A student was arrested and charged with possession of a controlled substance after cocaine was found in his pocket at school. He was convicted and appealed the conviction. The issue on appeal is whether or not the district's school safety employee violated the student’s right to be free of an unreasonable search when the cocaine was found.

At trial, the evidence showed that the student was searched and forced to remove items from his pockets after he arrived 30 minutes late to school with a group of other young men. The group was instructed to remove their shoes and all items from their pockets as they came through the front door. They were then required to go through a metal detector and were subjected to a pat down. When the school safety employee attempted to pat down the student in question, he told him to stop. The student was brought to the security office, where he was directed to remove the items in his pocket. When he removed a white “rocky substance” in a plastic wrapping, the police were called and the student was taken into custody.  

The school safety officer testified that he searched the student according to school policy. All students were required to pass through a metal detector to enter the school.

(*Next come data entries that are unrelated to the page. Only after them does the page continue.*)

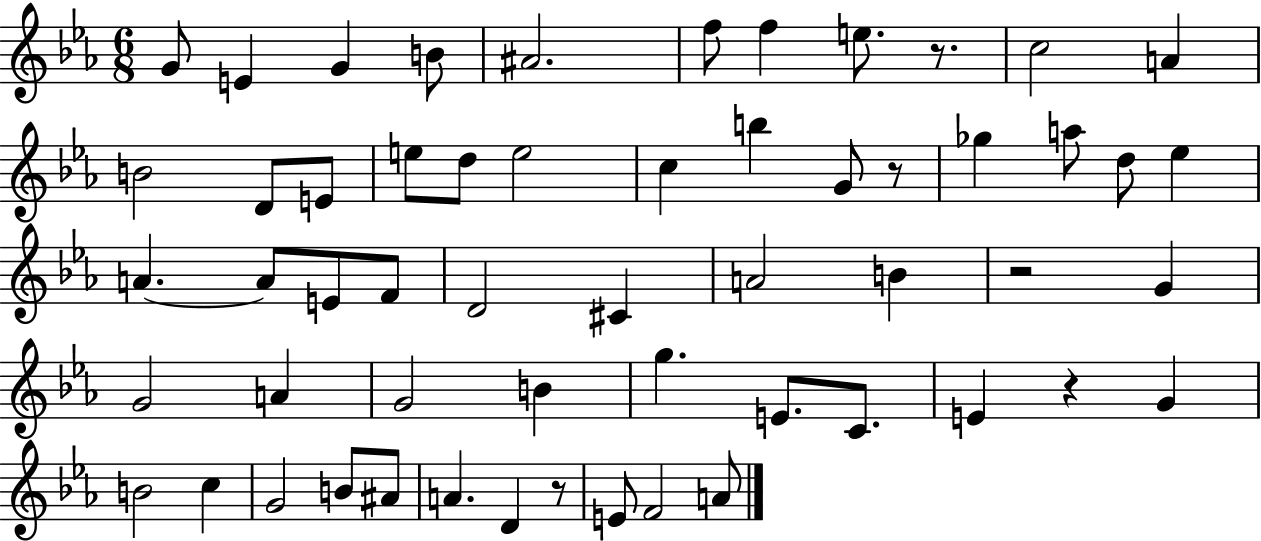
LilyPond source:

{
  \clef treble
  \numericTimeSignature
  \time 6/8
  \key ees \major
  g'8 e'4 g'4 b'8 | ais'2. | f''8 f''4 e''8. r8. | c''2 a'4 | \break b'2 d'8 e'8 | e''8 d''8 e''2 | c''4 b''4 g'8 r8 | ges''4 a''8 d''8 ees''4 | \break a'4.~~ a'8 e'8 f'8 | d'2 cis'4 | a'2 b'4 | r2 g'4 | \break g'2 a'4 | g'2 b'4 | g''4. e'8. c'8. | e'4 r4 g'4 | \break b'2 c''4 | g'2 b'8 ais'8 | a'4. d'4 r8 | e'8 f'2 a'8 | \break \bar "|."
}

But students who were late to school were subjected to a pat down. The reason for this policy is that there was a lot of drug activity and violence in the neighborhood, which generated suspicion of students who arrived late. The school safety officer testified that he conducted a pat down of the student because he was following this policy.

The court of appeals found that the search of the student was illegal and overturned the conviction. Whether a public school official’s search of a student is unconstitutional depends on the reasonableness of the search under all circumstances. In order for a search to be reasonable, it must be justified and the search conducted must be reasonably related to the circumstances that justified the search. This means that a search can only be conducted if there is a moderate chance of finding evidence of wrongdoing. In this case, the fact that the student was late did not mean that a search of his person was justified, absent any other indicators that the student had done anything wrong.

The court also found that the school’s policy of searching tardy students was not reasonable. There was no evidence to show that the drug problem in surrounding neighborhoods had impacted the school, and no evidence linking tardiness at school to participation in drug activity. In making this finding, the court stated that it was not suggesting that these types of policies are always unconstitutional. However, the school must be able to justify the reasons for the policy in light of the circumstances that the school faces, so that it can justify the need to intrude on students’ rights in order to protect other students and staff.

This case was not decided in Texas and is not binding on Texas courts. However, it is likely that a Texas court would apply a similar analysis in a case like this.